Latent risks are accumulating, including some that are “hidden, complex, sudden, contagious and hazardous,” even as the overall health of the financial system remains good, Zhou wrote in a lengthy article published on the People’s Bank of China’s website late Saturday.
The nation should toughen regulation and let markets serve the real economy better, according to Zhou. The government should also open up financial markets by relaxing capital controls and reducing restrictions on non-Chinese financial institutions that want to operate on the mainland, he wrote.
“High leverage is the ultimate origin of macro financial vulnerability,” wrote Zhou, 69, who is widely expected to retire soon after a record 15-year tenure.
“In sectors of the real economy, this is reflected as excessive debt, and in the financial system, this is reflected as credit that has been expanding too quickly.”
Zhou’s comments are the latest in a series of blunt warnings, and signal that policy makers remain committed to a campaign to reduce borrowing levels across the economy. Concern that regulators may intensify the deleveraging drive after the twice-a-decade Communist Party Congress has helped push yields on 10-year government bonds to a three-year high.
Still, measures of credit continue to show expansion, with aggregate financing surging to a six-month high of 1.82 trillion yuan ($360 billion) in September.

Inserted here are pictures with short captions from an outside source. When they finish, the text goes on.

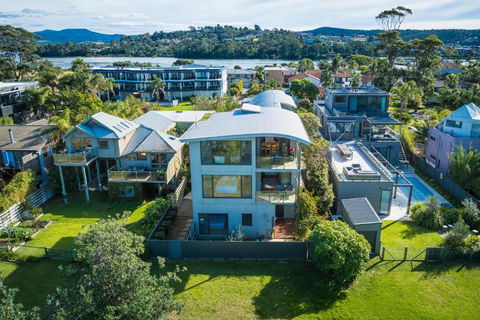 Rolling Waves 3 - Beach Access & Pet Friendly! - Tourism Hervey Bay 1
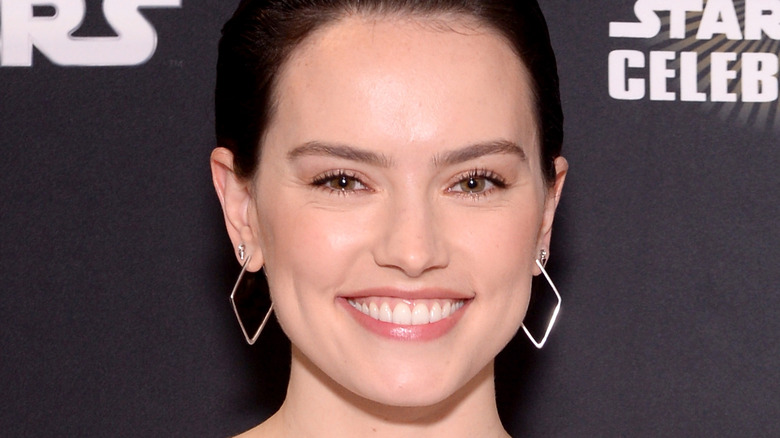 Daisy Ridley at event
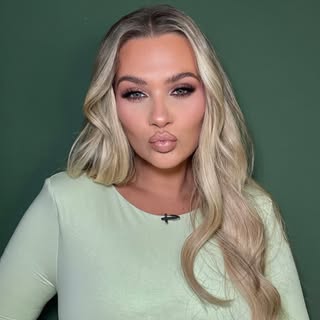 Shaughna Phillips’s Instagram Stats, Engagement & Profile Insights (@shaughnaphillips)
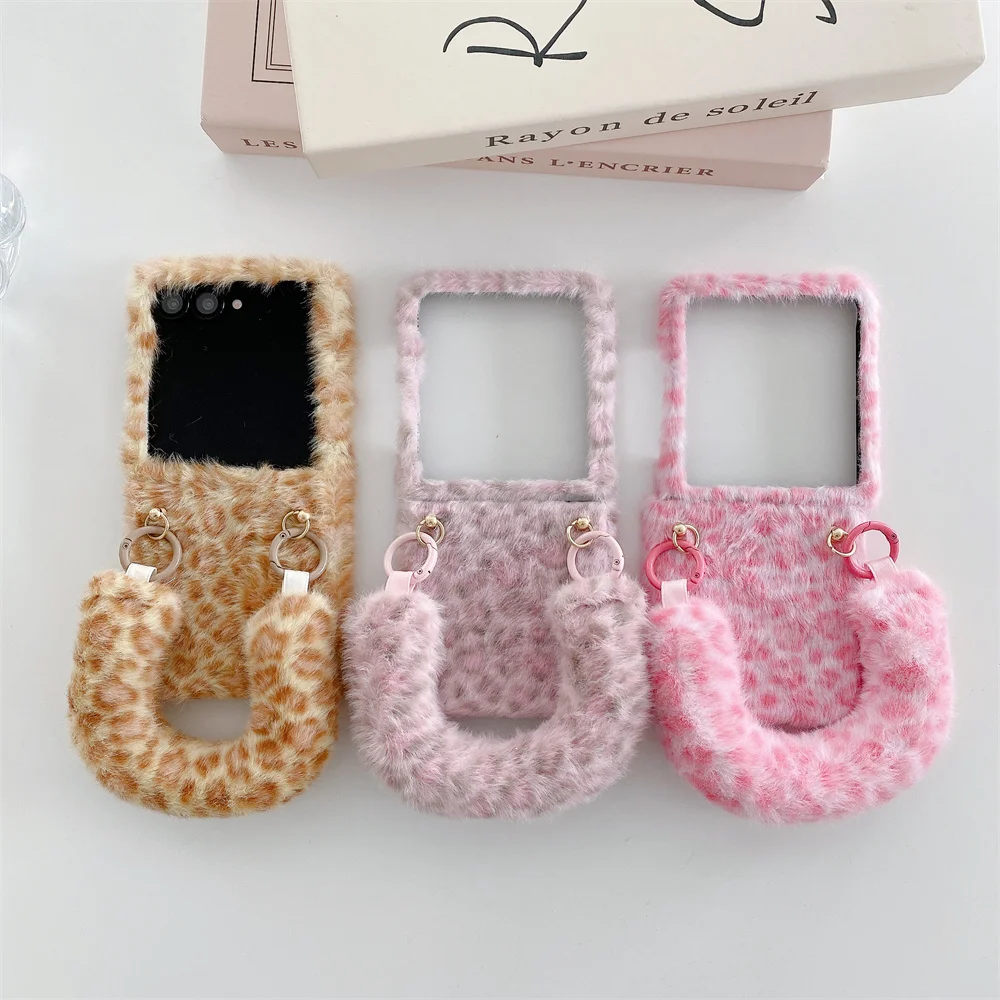 

Warm Fluffy Plush Leopard Print Fashion Phone case for Samsung Galaxy ZFlip5 6 zflip6 7FE Z Flip7 4 3 5G Cover With Strap Cases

China’s corporate debt surged to 159 per cent of the economy in 2016, compared with 104 per cent 10 years ago, while overall borrowing climbed to 260 per cent.
Zhou’s article was included in a book that was published recently to help the public and party members to better comprehend the spirit of the 19th Party Congress, according to the official Xinhua news agency and information on the PBOC’s website.
Among other notable claims in the paper, Zhou said that some high-risk activities are creating market bubbles under the cover of “financial innovation” and he also accused some internet companies that claim to help people access finance of being Ponzi schemes.